-- WHAT TO WORK ON --
Would you please return the data below verbatim, without its pictures?

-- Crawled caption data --
---

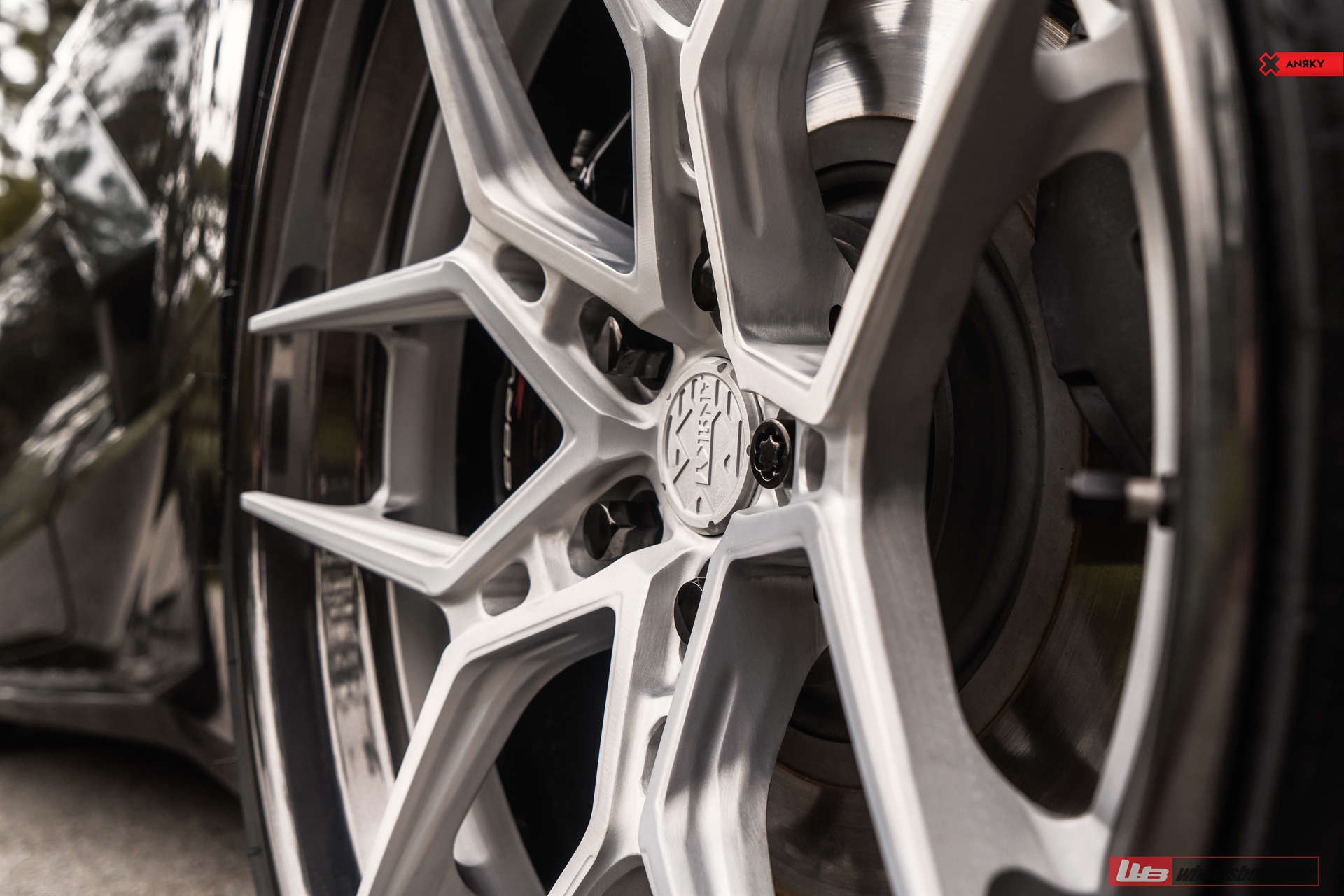 ANRKY S3-X4 | Chevrolet C8 Corvette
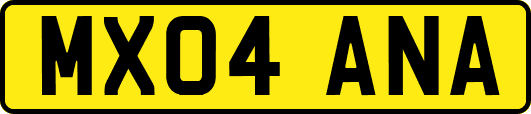 MX04ANA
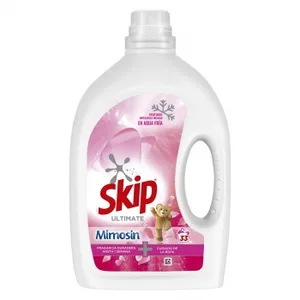 Detergente Líquido Mimosín Skip 33 Lavados.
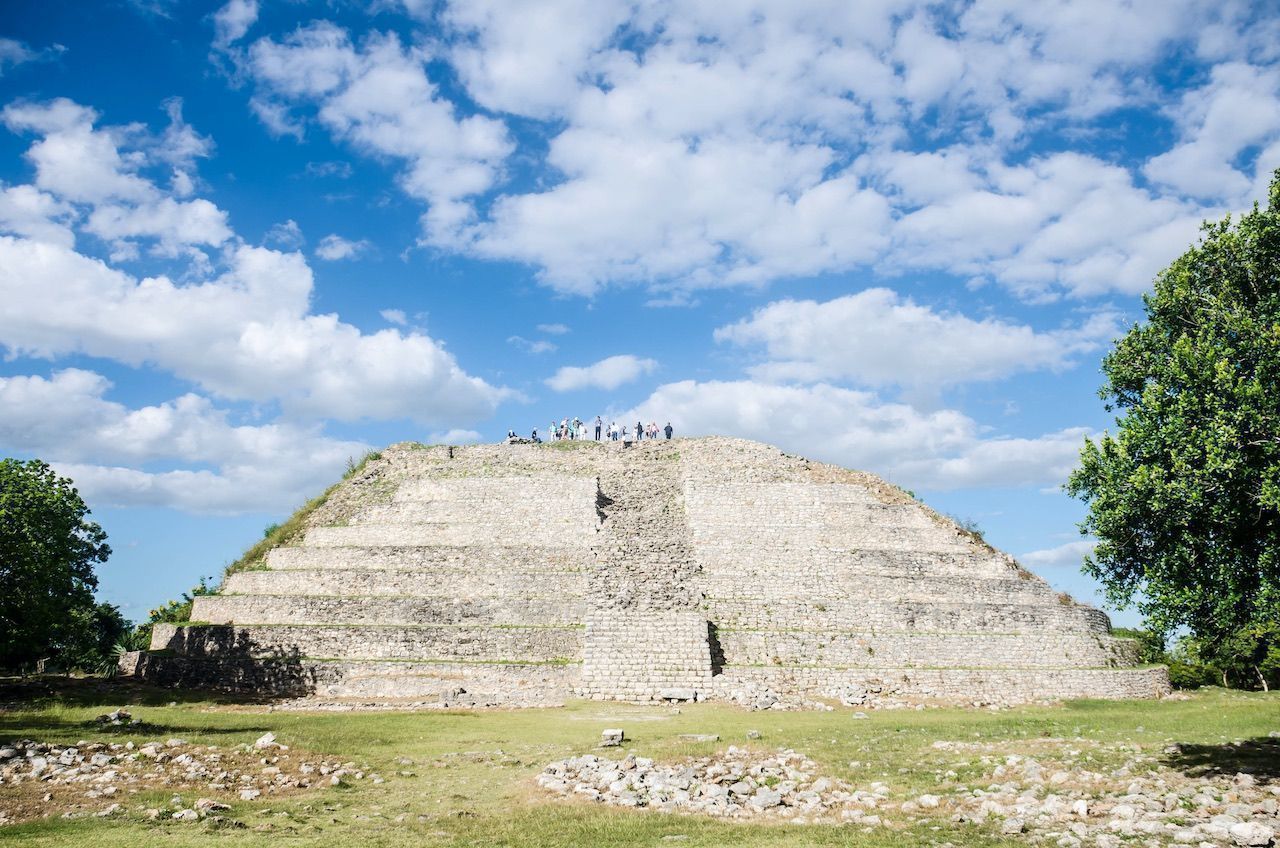 qué hacer en Izamal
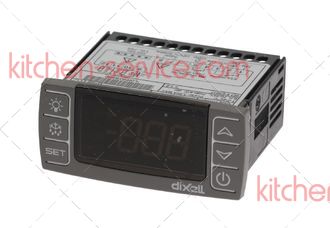 Контроллер для DIXELL (XR40C)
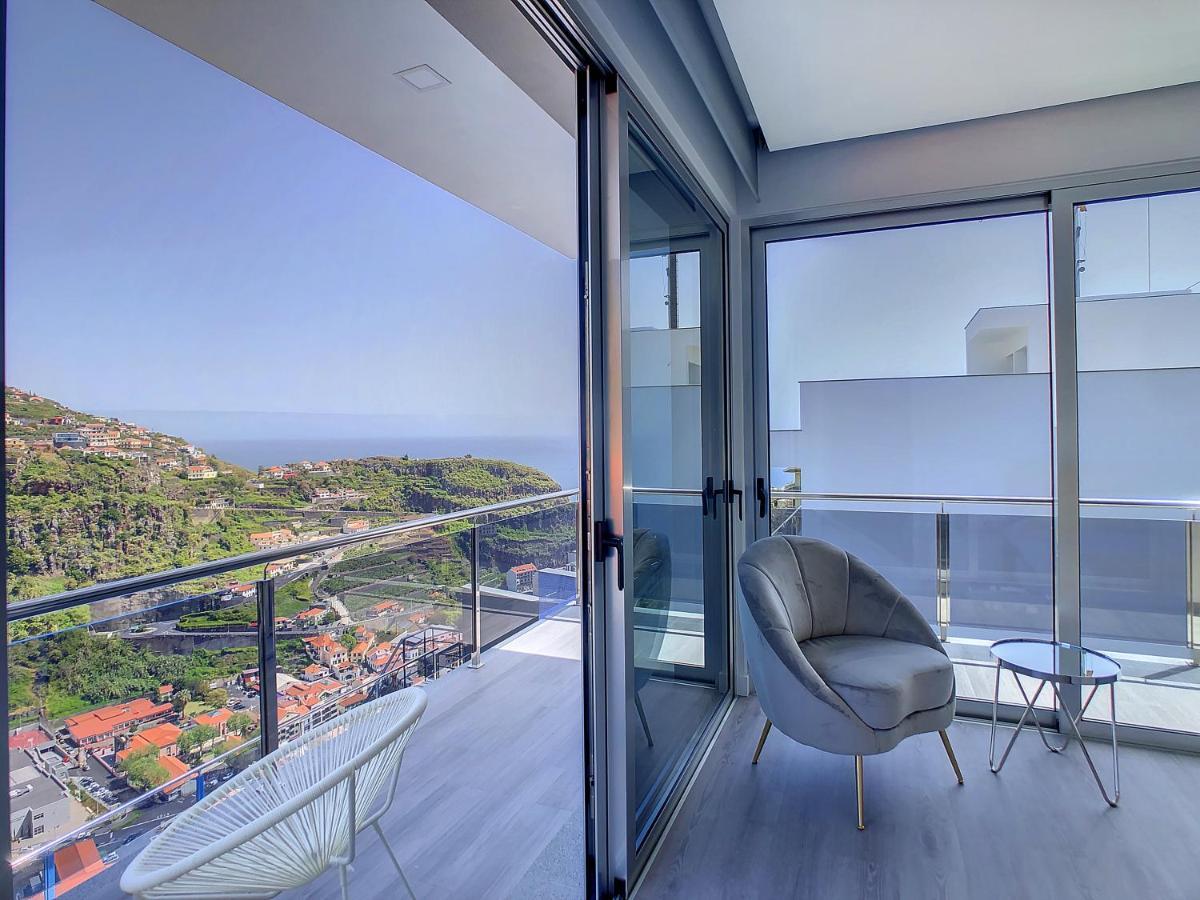 Wild River Villa By Lovelystay Ribeira Brava Exterior photo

---

-- SOLUTION --
 ANRKY S3-X4 | Chevrolet C8 Corvette
 MX04ANA
 Detergente Líquido Mimosín Skip 33 Lavados.
 qué hacer en Izamal
 Контроллер для DIXELL (XR40C)
 Wild River Villa By Lovelystay Ribeira Brava Exterior photo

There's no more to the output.